--- Excerpted records ---
Segment Open

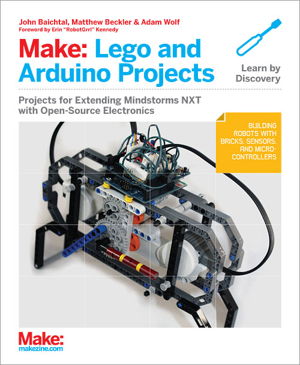 Cover art for Make: LEGO and Arduino Projects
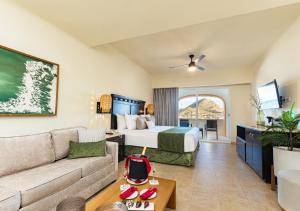 Posezení v ubytování Hotel Tesoro Los Cabos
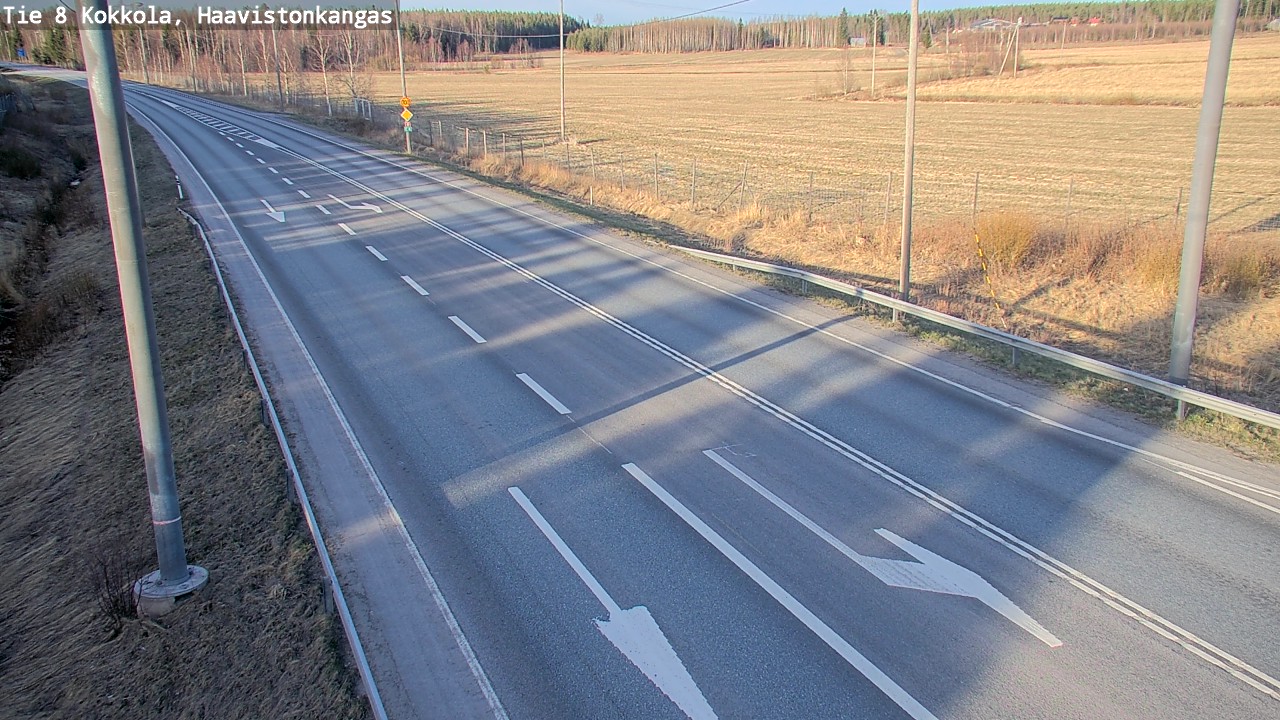 Kelikamerat Kuva Tie 8 Kokkola, Haavistonkangas, Kokkola, Keski-Pohjanmaa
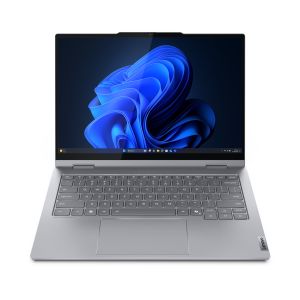 Lenovo ThinkBook 14 2-in-1 G5 IAU Intel Core Ultra 7 255U Ibrido (2 in 1) 35,6 cm (14") Touch screen WUXGA 16 GB DDR5-SDRAM 512 GB SSD Wi-Fi 6E (802.11ax) Windows 11 Pro Italiano Grigio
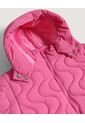 Chaqueta  Infantil Niña Acolchada Color Rosa Marca Ostu #90080044 de Ostu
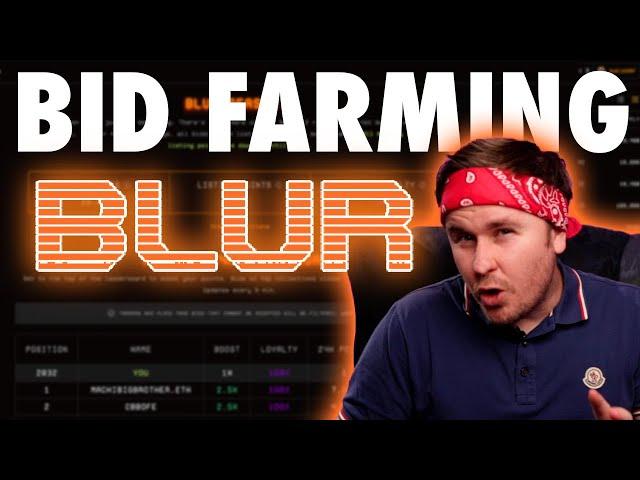 How To Blur Bid Farm - Real Time Bids & Points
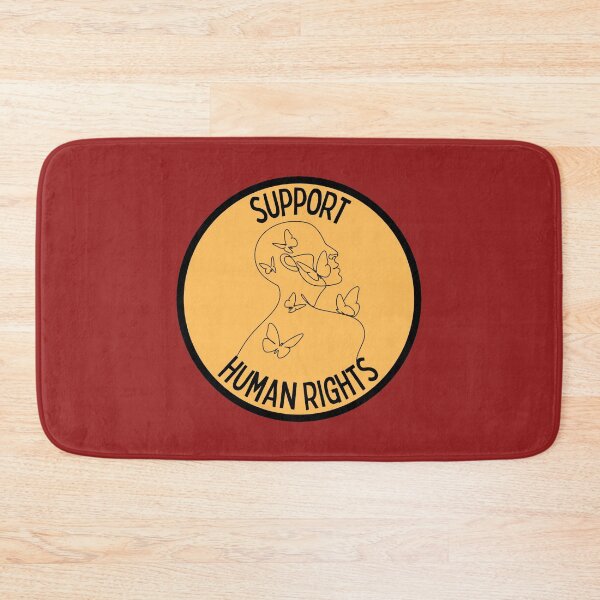 Item preview, Support Human Rights designed and sold by GasconyPassion.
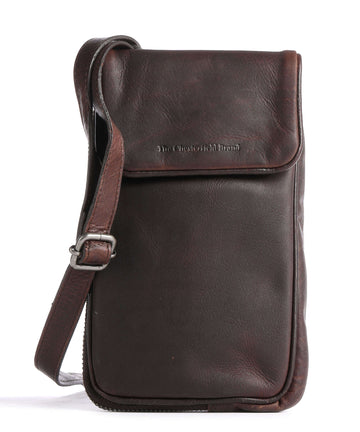 The Chesterfield Brand Anderson Kabelka na mobil brown
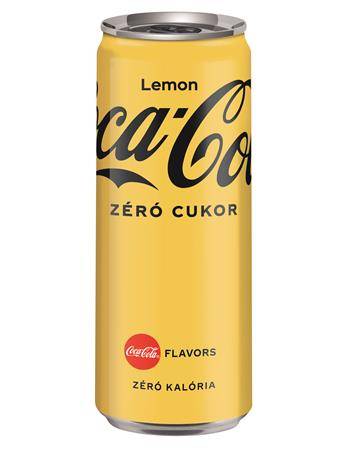 Coca Cola 0,33l Zero Lemon CAN  DRS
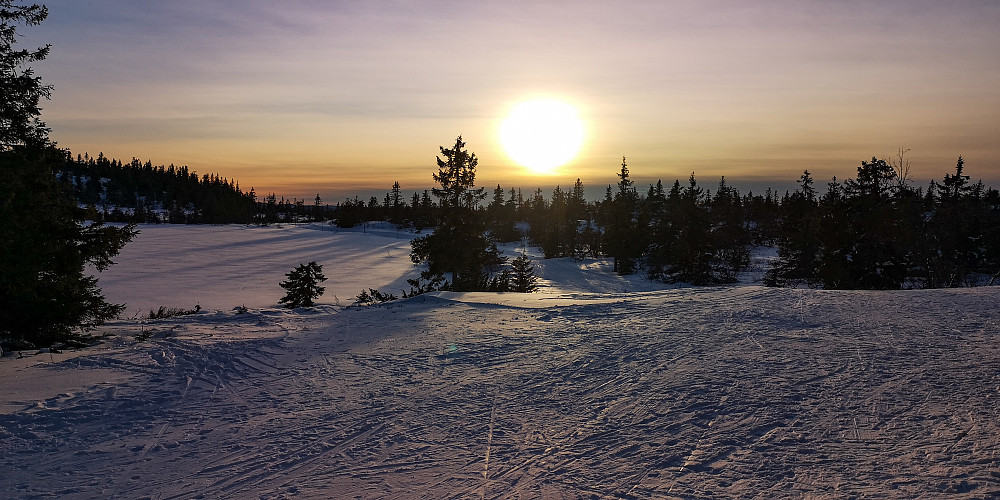 Ved Rausteinshytta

Segment Closed

--- Work to complete ---
Leaving all pictures aside, quote each record exactly.

--- Result of this exercise ---
 Cover art for Make: LEGO and Arduino Projects
 Posezení v ubytování Hotel Tesoro Los Cabos
 Kelikamerat Kuva Tie 8 Kokkola, Haavistonkangas, Kokkola, Keski-Pohjanmaa
 Lenovo ThinkBook 14 2-in-1 G5 IAU Intel Core Ultra 7 255U Ibrido (2 in 1) 35,6 cm (14") Touch screen WUXGA 16 GB DDR5-SDRAM 512 GB SSD Wi-Fi 6E (802.11ax) Windows 11 Pro Italiano Grigio
 Chaqueta  Infantil Niña Acolchada Color Rosa Marca Ostu #90080044 de Ostu
 How To Blur Bid Farm - Real Time Bids & Points
 Item preview, Support Human Rights designed and sold by GasconyPassion.
 The Chesterfield Brand Anderson Kabelka na mobil brown
 Coca Cola 0,33l Zero Lemon CAN  DRS
 Ved Rausteinshytta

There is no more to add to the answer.